Такой счастливой концовкой исчерпалась тема, лихо сформулированная в заголовке письма, пришедшего из Академгородка на имя товарища Брежнева: «О том, как Ваксберг спаивает русский народ».
Нет, этим она не исчерпалась. Боюсь, Юрий Петрович воспринял реплику инструктора ЦК слишком буквально. Вскоре меня вызвал партийный вожак Олег Прудков и предложил заполнить анкетку. Оказалось, мне предстояло себя самого представить к награде! Такими были моральные правила борцов за мораль: хочешь бляшку на грудь — подай челобитную… Как раз подоспело время раздать народу очередной миллион штампованных побрякушек— «за производственные успехи по итогам пятилетки», и на долю редакции тоже выпало несколько штук. Снабженный печатью райкома и подписью его секретаря товарища Селихова типографский бланк у меня сохранился: сначала мне предназначалась медаль «За трудовую доблесть», но на нее, как видно, позарился кто-то другой. Прежнее название, грубо заляпанное белилами, сменилось в бланке на новое: «За трудовое отличие». Пусть и так: тоже медаль. Ведь другим ничего не досталось…

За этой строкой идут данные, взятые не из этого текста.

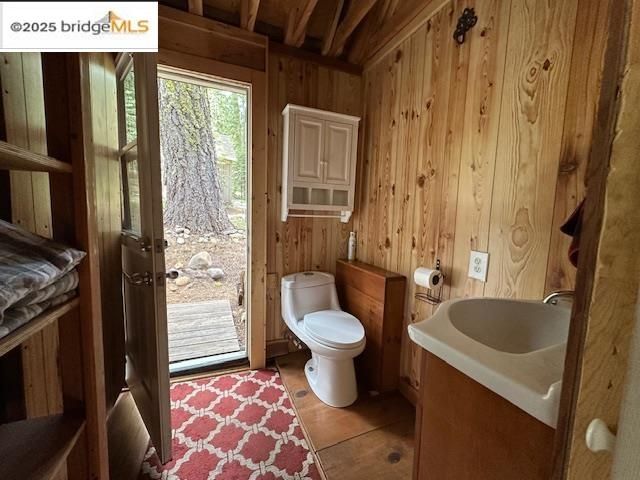 Cabin3 Mill Creek Campground, Pinecrest, CA 95364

Наши начальники не знали одной небольшой детали. того, что я давно уже принял решение: никогда, ни за что, никакой награды от этой власти! Наказывать власть могла любого по своему усмотрению, чем успешно и занималась три четверти века. А награду — увольте: всучить ее насильно не мог никто.
Не смею утверждать, что это решение пришло без чьей-то подсказки. «Подсказчиком» был французский художник Гюстав Курбе. Когда я работал над очерком о расправе, которой его подвергли (этот очерк вошел сначала в книгу «Подсудимого звали Искусство», а потом и в расширенный вариант сборника «Не продается вдохновенье»), то перевел заново письмо Курбе министру изящных искусств с отказом от ордена Почетного Легиона Там были великолепные строки: «Честь не в титуле и не в ордене, а в поступках, в мотивах, в уважении к себе и собственным убеждениям. Я горжусь тем, что не изменяю принципам всей моей жизни. Если бы я поступил иначе, то променял бы честь на ленточку в петлице». И другие, не менее великолепные: «В тот день, когда государство оставит нас в покое, его обязанности перед нами будут выполнены». Строки, заставившие о многом задуматься и на многое взглянуть иными глазами…
Конечно, я понимал, что, раздавая миллионы медяшек, наши власти меньше всего думали о своих обязанностях перед согражданами. Напротив, таким, ничего им не стоящим способом старались приручить их и сделать покорными. Понудить к поклонам… Тем более, что клянчивших ордена, звания и иные подачки оказалось у нас безбожно, немыслимо много (об этом, правда, я узнал лишь после того, как приоткрылись архивы) — очередь за наградами растянулась бы на километры. Не только встать в эту очередь, но и без всяких просьб удостоиться обглоданной кости с барского стола, — такая, вполне возможная, перспектива давно уже мне казалась унизительной и постыдной.
— Ни о какой медали, — сказал я Прудкову, — не может быть и речи.
Моя реакция на благосклонность начальства стала тотчас известна Изюмову. Последовал вызов.
— Возможно, вы ждали орден, а не медаль? — осведомился лучший друг высокоответственного партийного товарища, которого он по-прежнему глубоко уважал. — Запаситесь терпением, не все сразу. Начнем со скромной медали, потом повысим уровень. Когда дается правительственная награда, не торгуются о ее высоте, а приносят благодарность и стараются еще лучше работать. Надеюсь, вопрос исчерпан.
Положительно, они всех меряли на свой аршин.
— Не заставляйте меня, Юрий Петрович, сделать публичное заявление об отказе от высокой награды, которую я безусловно не заслужил, — ответил я, чувствуя, как сжимается сердце. — Это заявление наверняка причинит неприятности мне, но еще больше, наверно, — газете. Не думаю, что это будет в интересах редакции.
— Дело ваше, — холодно подытожил Изюмов.
О том, что он при этом подумал, я прочитал в его глазах.
Прошло совсем немного времени, и Изюмов снова вызвал меня на ковер. Брежнев уже почил в Бозе, вслед за ним отправился и Андропов, шла короткая полоса правления Черненко, не сулившая вроде бы никаких светлых надежд. Но ветер грядущих перемен, благотворных и неизбежных, уже ощущался всеми. Люди почувствовали себя более раскованными, вели себя, не опасаясь грозного окрика. И однако же он раздался.